Theorem 1 states that $G$ is bipartite and $G_2$ is not. Theorem 2 only states that $G_2$ is not bipartite.

The trace of the n-th power of $W$ equals the number of circuits with length $n$ in the graph ($n\ge2$).

**Question**: what is the trace of $W^3$?

To answer the question, let us plot again $G$

In [None]:
plt.subplot(121)
nx.draw_circular(G, with_labels=True)

plt.subplot(122)
nx.draw_circular(G2, with_labels=True)

plt.show()

In [None]:
print("Number of length-3 circuits in G:", np.matrix.trace(W@W@W))
print("Number of length-3 circuits in G2:", np.matrix.trace(W2@W2@W2))

We now define a new graph.

In [None]:
G = nx.DiGraph()
G.add_nodes_from(range(1,11))
nx.add_cycle(G,[1,2,3])
nx.add_cycle(G,[4,5,6])
nx.add_cycle(G,[8,9,10])
G.add_edges_from([(4,3), (3,8), (5,7), (7,7)])

# define pos according to spring layout
# to fix nodes' positions in all graph drawings.
# spring_layout positions nodes using Fruchterman-Reingold force-directed algorithm.
pos = nx.spring_layout(G)
nx.draw(G,pos, with_labels=True)

plt.show()

## Invariant probability distributions
In this section we show how to compute the invariant distributions of a graph.

**Definition**: an `invariant distribution` $\pi$ of a graph is a normalized eigenvector of $P'$ relative to eigenvalue $1$, i.e.,

$$
P' \pi = \pi, \quad \sum_i \pi_i = 1
$$ 
To do this, we first compute all eigenvalues and eigenvectors of $P'$ with function `np.linalg.eig()`:

In [None]:
W = nx.adjacency_matrix(G)
W = W.toarray()
degrees = np.sum(W,axis=1)
print("Degrees:",degrees,"\n")
D = np.diag(degrees)
print("D: \n",D,"\n")
# P = D^(-1) W
P = np.linalg.inv(D) @ W
print("P: \n",P)

**Theorem**: if the graph is strongly connected, the eigenvalue 1 has multeplicity 1 (only one invariant distribution)
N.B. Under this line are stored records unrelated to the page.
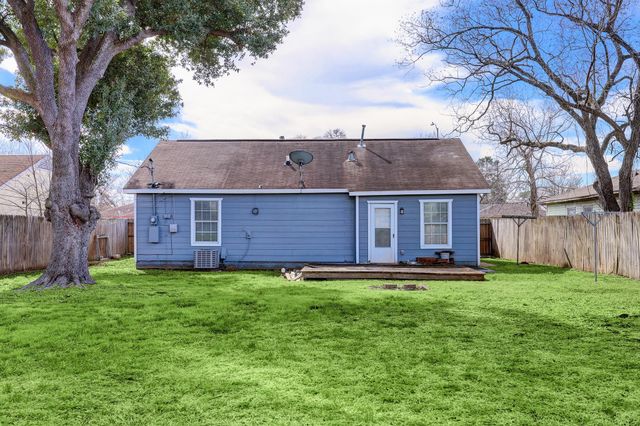 13327 Halifax Street, Houston, TX 77015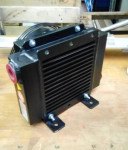 Zračni hladilnik olja - 12, 24 oz. 220 V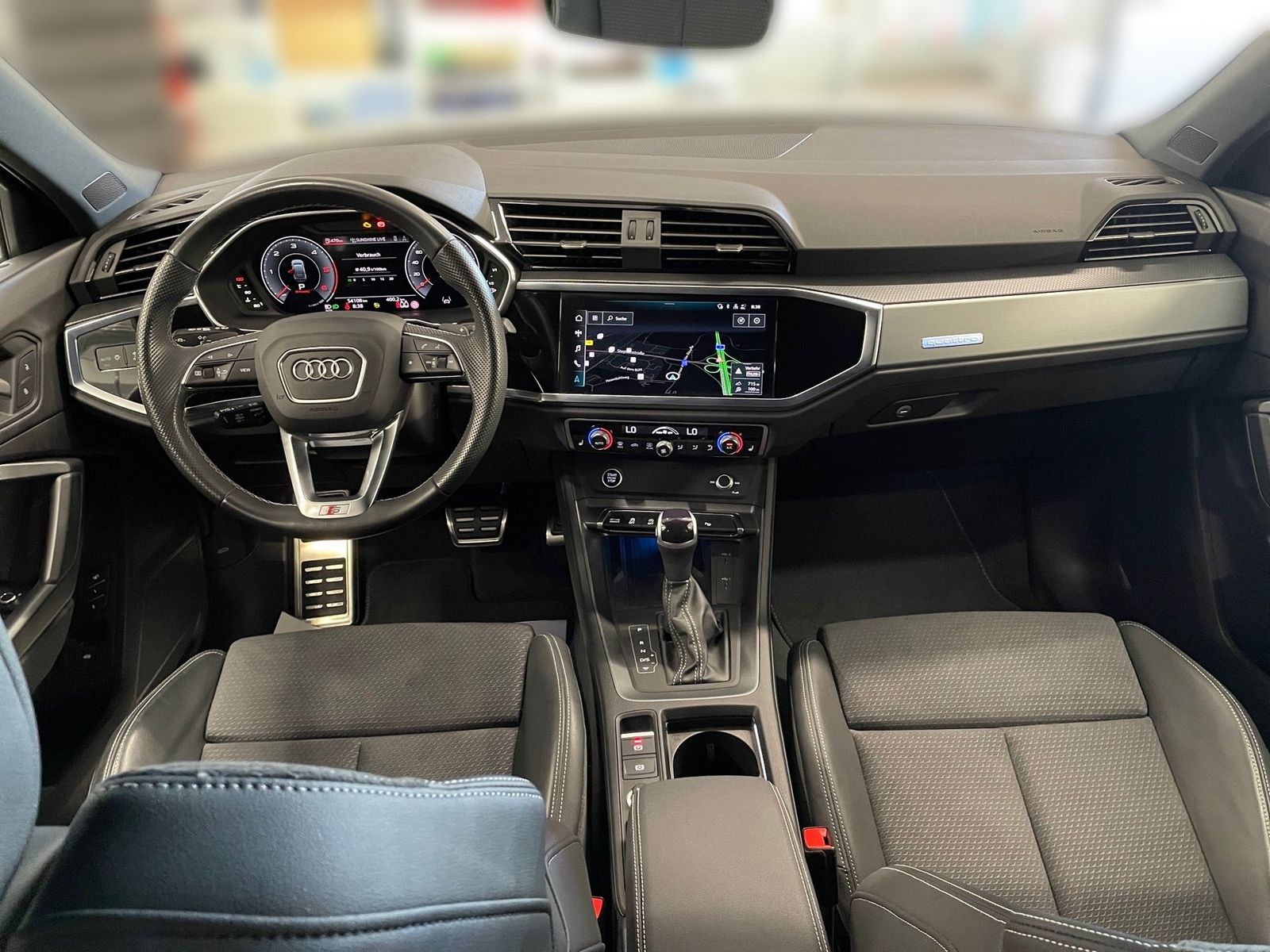 Audi Q3 Sportback 40 TDI quattro S line *AHK*STANDHZG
We compute the condensation graph of $G$

In [None]:
CG = nx.algorithms.components.condensation(G)
nx.draw(CG, with_labels=True)

plt.show()

print(dict(CG.nodes))

The graph is not strongly connected, since the condensation graph has more than one node. 

To confirm this, we compute the spectrum of $P$, and show that the eigenvalue 1 has algebraic multeplicity greater than 1.

**Remark**: multeplicity 1 of eigenvalue 1 does not imply strong connectedness of the graph.

In [None]:
# eig(P.T) returns the eigenvalues (in vector w)
# and eigenvectors (in matrix v) of P'
w,v = np.linalg.eig(P.T)
print("eigenvalues:",w) # -> the 0th and 5th eigenvalues are 1

There are two eigenvalues equal to 1 (in position 0 and 5 of `w`). We select the eigenvectors corresponding to the two occurrencies of eigenvalue 1 and we normalize them to obtain the two invariant distributions (`pi0` and `pi5`):

In [None]:
# we iterate over indices corresponding to eigenvalues 1
# i.e. corresponding to entries of w that are equal 1:
# for each index we extract the corresponding eigenvector in v
# and normalize it

# we use np.isclose() to compare eigenvalues to 1 to avoid
# numerical precision errors
for index in [i for i in range(len(G)) if np.isclose(w[i],1)]: 
    pi = v[:,index].real  # -> eigenvectors are complex but invariant distributions are real, so we convert pi to real
    pi = pi/np.sum(pi) # normalization
    print("pi", index, "=", pi)

**Theorem**: the multeplicity of the eigenvalue 1 equals the number of trapping sets of the graph. Moreover, for every trapping set, there exists an invariant distribution (called extremal) whose support coincides with the node set of the trapping set.

**Remark**: the extremal invariant distribution supported on a trapping set may be computed by computing the unique invariant distribution of the subgraph obtained by selecting the nodes of a trapping set.

**Exercise**: Compute the extremal invariant distribution of $G$.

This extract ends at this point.